With Meta failing to enact meaningful changes, the ball is in Congress’ court to stand up for kids’ safety. Polls show that parents across the political spectrum want Congress to protect children online, and there are two bipartisan bills in the U.S. Senate to do just that.
The Kids Online Safety Act (KOSA) and the Children and Teens’ Online Privacy Protection Act (often called COPPA 2.0) are complimentary bills designed to provide comprehensive protections for vulnerable youth on the internet and tackle the most dangerous aspects of social media head on.
There are three big problems flagged in Haugen’s leaked research that this pair of bills would address.
First, Instagram is designed to keep young people coming back for more, regardless of the consequences.

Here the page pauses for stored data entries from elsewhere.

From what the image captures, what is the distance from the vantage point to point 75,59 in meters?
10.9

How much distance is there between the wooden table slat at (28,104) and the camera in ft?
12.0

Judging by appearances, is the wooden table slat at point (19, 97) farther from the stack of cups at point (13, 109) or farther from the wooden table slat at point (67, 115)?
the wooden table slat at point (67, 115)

Meta profits from the addictive nature of its products, generating advertising revenue based on viewership and engagement metrics.

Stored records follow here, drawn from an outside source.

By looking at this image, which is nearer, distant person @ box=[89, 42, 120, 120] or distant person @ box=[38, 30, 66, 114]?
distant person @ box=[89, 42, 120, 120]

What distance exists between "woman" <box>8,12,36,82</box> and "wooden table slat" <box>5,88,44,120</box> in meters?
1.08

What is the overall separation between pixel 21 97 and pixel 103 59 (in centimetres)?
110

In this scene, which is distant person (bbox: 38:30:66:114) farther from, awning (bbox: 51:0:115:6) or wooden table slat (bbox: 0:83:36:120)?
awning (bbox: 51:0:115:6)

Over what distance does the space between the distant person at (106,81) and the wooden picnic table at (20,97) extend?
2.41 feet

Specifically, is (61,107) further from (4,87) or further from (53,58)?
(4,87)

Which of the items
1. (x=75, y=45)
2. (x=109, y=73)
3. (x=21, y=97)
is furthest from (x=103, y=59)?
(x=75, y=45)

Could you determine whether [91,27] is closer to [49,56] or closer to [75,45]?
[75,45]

Instagram researchers noted that teens frequently want to spend less time on the app, but lacked the self-control to log off. Young people, “often feel ‘addicted’ and know that what they’re seeing is bad for their mental health but feel unable to stop themselves.” In certain cases, the effects on mental health are life-threatening. “…[A]mong teens who reported suicidal thoughts, 13% of British users and 6% of American users traced the desire to kill themselves to Instagram.”

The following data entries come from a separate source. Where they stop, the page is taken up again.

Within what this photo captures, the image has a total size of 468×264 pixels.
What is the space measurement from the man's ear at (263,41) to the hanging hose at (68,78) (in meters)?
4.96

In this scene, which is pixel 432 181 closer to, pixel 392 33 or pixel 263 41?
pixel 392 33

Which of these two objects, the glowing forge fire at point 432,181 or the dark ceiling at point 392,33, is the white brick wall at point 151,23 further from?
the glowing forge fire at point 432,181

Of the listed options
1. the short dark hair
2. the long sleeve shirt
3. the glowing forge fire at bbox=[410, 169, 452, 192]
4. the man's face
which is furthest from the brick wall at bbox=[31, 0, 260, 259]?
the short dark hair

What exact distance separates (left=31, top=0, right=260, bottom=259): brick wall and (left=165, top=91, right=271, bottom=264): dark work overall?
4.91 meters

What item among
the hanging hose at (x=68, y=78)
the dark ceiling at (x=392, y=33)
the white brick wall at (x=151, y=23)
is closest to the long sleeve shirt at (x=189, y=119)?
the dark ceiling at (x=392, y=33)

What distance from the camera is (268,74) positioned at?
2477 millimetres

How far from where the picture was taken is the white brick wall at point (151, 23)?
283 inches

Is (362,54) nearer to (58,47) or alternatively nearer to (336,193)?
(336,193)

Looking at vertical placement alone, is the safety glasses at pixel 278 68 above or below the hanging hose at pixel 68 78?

KOSA would ban some of the most common design features that keep kids hooked. This includes autoplay settings that encourage extended and unhealthy viewing, push alerts that encourage kids to log back on for fear of missing out, and badges that reward high usership. The bill also would require platforms to allow teens to opt out of algorithm-based recommendations that put harmful content in their feeds.
Second, Instagram staff warned Meta executives about the shocking effects of the app on body image. They found that “thirty-two percent of teen girls said that when they felt bad about their bodies, Instagram made them feel worse.” Researchers highlighted aspects of the app that fuel distorted body images, which included both the design of the content recommendation algorithm and targeted ads focused on beauty and weight loss.
KOSA would create a legal responsibility for social media platforms to prevent and mitigate harms to minors, including design features that exacerbate body dysmorphia and eating disorders. In addition, COPPA 2.0 would ban all targeted advertising to children, preventing the collection and use of personal data to target their psychological and emotional vulnerabilities with precision.
And third, new reports have detailed the unique dangers of the Metaverse — including the collection of kid’s sensitive biometric data and a heightened risk of grooming and abuse by sexual predators.
COPPA 2.0 would prohibit the collection of personal information from users who are 13 to 15 years old without consent, and KOSA would require companies to perform an annual independent audit assessing risks to minors — ensuring that new technologies are developed with the safety of kids and teens in mind.
Both of these bills have bipartisan support. KOSA is co-sponsored by Sens. Richard Blumenthal (D-Conn.) and Marsha Blackburn (R-Tenn.), while COPPA 2.0 is co-sponsored by Sens. Ed Markey (D-Mass.) and Bill Cassidy (R-La.). In addition, 60 leading civil rights, privacy, and kids’ safety organizations have endorsed the key provisions of these bills.
There’s a lot of work to do to rein in Big Tech companies — including policies like passing comprehensive privacy legislation and banning dual-class stock structures that enable scandal-plagued executives like Mark Zuckerberg to wield outsized influence and stay in power. But KOSA and COPPA 2.0 would go a long way toward protecting kids online. Let’s not miss the opportunity to send these bills to the president’s desk.
Cheyenne Hunt-Majer is Fellow with Public Citizen’s Congress Watch division.